The U.S. market currently uses 53 million tons of proppant annually with the market growing at about 3% per year, Galvin said. Since activity in the Williston represents one-third of the nation’s largest shale developments, he estimates that about 20% of the 53 million tons are being used in the Bakken/Three Forks plays.

An average fracking job requires from 5,000 to 8,000 tons of sand for each well.

“Some companies are increasing the size of the wellbore to lower the pressure at the end of the pipe and provide more flow as the horizontal runs are getting to be very long,” Galvin said. “This increase will require more sand as well, so the need for increased volumes-per-well is also on the horizon.”

The bulk of the proppant used in the Bakken comes from Ottawa, Canada and Wisconsin, requiring rail transportation that costs about $35-40/ton more than shorter, truck shipments, Galvin said. Truck transportation of sand to the Bakken from South Dakota would cut the cost of the product an average of $8-20/ton, “making [our] sand the low-cost provider for the surrounding oil basins,” he said.

The South Dakota mine site would be located about 300 miles to either the Bakken or Niobrara oil/gas drilling sites.

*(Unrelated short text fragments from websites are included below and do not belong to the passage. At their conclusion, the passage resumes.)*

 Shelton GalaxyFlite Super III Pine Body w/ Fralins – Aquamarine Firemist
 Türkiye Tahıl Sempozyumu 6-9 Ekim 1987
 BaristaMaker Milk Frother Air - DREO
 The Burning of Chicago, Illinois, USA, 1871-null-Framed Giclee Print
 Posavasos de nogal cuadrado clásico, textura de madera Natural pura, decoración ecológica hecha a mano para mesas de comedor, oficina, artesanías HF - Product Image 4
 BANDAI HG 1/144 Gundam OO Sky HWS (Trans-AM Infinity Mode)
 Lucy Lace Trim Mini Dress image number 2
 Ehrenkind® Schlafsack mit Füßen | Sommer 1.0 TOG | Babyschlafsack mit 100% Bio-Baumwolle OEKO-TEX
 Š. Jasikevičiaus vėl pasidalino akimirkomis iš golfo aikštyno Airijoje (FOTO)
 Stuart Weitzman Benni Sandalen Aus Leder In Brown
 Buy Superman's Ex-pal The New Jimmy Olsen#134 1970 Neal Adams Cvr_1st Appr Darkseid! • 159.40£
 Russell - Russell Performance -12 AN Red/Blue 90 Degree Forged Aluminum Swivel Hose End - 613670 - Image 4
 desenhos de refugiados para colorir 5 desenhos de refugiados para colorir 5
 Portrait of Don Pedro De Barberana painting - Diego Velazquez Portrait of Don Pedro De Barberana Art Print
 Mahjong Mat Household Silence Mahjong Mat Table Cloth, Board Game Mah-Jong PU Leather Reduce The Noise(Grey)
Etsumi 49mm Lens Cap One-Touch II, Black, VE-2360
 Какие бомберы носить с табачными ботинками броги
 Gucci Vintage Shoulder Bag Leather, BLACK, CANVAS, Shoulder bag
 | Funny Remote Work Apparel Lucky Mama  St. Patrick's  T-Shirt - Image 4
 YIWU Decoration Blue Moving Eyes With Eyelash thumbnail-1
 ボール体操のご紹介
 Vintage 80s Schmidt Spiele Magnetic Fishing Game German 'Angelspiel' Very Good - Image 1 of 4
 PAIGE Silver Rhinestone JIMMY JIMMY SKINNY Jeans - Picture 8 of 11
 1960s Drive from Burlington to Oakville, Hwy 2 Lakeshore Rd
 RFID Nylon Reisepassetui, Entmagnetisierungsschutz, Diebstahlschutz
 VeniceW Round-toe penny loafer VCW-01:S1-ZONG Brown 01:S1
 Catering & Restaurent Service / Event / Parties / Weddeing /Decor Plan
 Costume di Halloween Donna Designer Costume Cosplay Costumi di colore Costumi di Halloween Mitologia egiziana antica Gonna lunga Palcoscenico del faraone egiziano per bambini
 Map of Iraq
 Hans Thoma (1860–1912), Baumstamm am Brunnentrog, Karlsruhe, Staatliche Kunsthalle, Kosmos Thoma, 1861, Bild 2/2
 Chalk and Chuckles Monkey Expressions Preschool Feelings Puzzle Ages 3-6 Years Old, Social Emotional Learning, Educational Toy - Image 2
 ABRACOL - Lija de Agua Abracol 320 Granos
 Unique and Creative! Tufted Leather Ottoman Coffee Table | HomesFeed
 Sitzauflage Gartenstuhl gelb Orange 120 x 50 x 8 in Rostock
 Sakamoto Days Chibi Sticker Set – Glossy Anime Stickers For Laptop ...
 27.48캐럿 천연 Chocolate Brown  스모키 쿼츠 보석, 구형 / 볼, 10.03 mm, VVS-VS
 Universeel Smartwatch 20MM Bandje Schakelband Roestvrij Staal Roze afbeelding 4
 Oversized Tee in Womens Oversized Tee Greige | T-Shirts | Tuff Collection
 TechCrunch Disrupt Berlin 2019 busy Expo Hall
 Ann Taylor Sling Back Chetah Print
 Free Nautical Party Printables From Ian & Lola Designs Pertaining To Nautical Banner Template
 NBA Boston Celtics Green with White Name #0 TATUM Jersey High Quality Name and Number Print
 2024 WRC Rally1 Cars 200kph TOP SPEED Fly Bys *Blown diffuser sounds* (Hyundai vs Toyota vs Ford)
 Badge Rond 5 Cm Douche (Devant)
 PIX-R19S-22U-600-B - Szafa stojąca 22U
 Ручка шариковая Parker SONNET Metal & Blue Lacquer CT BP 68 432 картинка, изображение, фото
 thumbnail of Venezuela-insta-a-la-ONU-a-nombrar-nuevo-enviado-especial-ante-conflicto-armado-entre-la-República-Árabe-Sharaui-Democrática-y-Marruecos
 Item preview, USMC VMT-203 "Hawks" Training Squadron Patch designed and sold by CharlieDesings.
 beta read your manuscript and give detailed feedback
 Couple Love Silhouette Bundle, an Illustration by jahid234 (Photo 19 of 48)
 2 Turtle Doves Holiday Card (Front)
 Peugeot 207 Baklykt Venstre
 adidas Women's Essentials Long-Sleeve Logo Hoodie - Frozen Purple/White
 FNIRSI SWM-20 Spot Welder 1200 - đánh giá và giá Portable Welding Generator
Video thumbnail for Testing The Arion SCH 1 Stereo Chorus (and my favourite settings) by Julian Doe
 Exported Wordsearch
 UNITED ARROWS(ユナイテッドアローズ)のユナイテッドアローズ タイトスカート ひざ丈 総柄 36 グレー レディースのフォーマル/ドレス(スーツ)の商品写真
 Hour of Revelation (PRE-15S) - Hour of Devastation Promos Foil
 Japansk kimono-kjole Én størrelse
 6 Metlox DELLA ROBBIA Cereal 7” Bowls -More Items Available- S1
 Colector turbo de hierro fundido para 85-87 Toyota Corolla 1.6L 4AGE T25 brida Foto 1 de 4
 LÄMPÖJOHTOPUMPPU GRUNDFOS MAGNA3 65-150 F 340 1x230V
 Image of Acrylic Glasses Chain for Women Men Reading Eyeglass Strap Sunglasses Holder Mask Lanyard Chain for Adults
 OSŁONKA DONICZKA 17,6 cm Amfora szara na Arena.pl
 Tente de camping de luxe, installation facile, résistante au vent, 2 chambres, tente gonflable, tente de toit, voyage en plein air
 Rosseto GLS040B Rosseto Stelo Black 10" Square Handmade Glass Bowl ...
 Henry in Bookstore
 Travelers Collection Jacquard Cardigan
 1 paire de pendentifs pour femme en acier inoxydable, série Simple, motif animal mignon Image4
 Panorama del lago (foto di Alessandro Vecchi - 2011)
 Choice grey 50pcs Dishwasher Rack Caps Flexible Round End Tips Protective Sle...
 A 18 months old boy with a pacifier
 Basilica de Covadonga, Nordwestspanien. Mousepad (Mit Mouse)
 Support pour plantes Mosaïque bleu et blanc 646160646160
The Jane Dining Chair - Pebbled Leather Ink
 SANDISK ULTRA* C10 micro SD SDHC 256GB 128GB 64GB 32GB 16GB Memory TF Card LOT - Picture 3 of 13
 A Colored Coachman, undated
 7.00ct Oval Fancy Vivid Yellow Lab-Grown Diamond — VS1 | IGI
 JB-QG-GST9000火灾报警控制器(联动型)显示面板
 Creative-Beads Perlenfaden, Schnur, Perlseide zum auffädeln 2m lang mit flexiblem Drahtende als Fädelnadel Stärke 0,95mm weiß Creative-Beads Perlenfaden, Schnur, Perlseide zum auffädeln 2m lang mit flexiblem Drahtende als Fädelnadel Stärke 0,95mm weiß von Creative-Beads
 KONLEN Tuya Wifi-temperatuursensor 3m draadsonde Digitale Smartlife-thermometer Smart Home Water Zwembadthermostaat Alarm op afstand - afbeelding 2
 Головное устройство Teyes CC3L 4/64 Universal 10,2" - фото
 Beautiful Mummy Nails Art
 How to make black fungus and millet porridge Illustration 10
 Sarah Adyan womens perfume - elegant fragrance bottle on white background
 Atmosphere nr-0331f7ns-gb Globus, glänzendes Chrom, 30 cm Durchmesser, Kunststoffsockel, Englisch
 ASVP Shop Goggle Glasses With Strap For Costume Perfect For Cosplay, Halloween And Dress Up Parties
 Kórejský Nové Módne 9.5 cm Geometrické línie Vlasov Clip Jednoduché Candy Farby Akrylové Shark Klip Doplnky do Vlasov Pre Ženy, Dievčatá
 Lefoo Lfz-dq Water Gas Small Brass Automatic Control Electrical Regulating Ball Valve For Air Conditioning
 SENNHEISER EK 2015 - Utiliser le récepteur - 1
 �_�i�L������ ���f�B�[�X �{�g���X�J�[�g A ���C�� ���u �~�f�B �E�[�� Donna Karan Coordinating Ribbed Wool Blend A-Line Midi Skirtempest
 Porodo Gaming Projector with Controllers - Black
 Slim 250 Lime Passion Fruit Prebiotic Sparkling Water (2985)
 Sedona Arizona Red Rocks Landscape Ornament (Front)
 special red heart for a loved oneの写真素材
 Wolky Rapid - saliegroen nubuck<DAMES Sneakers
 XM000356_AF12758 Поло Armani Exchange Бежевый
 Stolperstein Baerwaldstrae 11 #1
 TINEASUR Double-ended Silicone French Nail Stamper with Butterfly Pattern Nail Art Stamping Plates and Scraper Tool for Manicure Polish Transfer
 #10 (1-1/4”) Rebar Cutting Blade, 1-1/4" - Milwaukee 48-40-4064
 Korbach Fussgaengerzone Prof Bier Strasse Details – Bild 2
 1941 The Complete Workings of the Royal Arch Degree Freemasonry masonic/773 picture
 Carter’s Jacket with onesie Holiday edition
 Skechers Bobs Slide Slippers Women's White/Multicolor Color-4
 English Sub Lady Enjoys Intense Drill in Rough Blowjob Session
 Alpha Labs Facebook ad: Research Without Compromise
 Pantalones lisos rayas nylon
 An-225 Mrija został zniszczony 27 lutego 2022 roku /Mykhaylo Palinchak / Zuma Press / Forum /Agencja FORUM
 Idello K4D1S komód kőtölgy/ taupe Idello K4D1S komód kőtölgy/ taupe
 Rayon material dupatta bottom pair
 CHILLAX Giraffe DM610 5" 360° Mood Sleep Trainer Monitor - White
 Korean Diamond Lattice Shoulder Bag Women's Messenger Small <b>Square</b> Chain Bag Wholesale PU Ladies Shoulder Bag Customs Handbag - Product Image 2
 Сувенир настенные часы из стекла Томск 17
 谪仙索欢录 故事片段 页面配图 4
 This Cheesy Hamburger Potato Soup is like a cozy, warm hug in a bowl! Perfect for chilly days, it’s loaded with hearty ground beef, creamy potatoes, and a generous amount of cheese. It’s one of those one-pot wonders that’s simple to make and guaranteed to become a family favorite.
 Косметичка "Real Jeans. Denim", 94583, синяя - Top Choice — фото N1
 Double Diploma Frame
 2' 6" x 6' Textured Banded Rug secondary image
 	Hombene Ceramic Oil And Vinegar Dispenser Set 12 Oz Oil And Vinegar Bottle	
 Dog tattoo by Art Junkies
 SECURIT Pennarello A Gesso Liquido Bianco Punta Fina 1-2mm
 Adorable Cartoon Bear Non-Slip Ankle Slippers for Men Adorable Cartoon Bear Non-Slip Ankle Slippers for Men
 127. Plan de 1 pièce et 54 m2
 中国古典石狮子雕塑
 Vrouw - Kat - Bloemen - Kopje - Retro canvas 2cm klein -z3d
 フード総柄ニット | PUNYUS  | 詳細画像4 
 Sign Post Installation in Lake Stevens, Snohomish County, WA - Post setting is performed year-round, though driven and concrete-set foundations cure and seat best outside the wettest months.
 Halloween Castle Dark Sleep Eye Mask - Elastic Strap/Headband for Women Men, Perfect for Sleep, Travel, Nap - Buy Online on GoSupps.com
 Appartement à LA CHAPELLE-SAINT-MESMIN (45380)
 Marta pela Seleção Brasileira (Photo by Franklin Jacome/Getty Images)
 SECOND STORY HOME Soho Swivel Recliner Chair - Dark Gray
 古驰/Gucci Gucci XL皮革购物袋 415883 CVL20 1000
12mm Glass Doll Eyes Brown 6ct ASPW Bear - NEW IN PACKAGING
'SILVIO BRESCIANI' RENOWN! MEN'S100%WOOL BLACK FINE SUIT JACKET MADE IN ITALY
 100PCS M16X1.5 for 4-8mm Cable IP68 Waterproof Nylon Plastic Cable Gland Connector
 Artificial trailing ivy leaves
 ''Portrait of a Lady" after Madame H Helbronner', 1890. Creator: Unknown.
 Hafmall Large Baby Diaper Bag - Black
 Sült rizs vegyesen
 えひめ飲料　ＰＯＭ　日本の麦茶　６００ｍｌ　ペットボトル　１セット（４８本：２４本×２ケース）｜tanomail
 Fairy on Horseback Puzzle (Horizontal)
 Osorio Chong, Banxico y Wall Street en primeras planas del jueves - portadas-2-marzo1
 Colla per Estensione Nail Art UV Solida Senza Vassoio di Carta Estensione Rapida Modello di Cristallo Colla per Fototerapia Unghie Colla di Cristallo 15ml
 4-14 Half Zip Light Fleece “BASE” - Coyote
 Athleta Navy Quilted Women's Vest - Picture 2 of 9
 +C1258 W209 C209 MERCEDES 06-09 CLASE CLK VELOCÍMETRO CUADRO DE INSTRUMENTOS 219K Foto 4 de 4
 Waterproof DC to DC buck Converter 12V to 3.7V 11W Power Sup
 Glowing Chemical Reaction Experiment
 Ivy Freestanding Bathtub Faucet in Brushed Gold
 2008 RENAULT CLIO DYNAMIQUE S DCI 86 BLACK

The trend of using more sand and higher-quality ceramic and resin-coated sand in the well completion process has been captured by the stock market in recent months. Since the end of May 2013, the average stock price of U.S. proppant producers Carbo Ceramics, Emerge Energy Services, Hi-Crush Partners and U.S. Silica Holdings has increased from $31.34 to $88.71, good for a price-only gain of 183%. All four of those stocks pay a dividend, so the combined stock performance since May 2013 is even higher on a total return basis.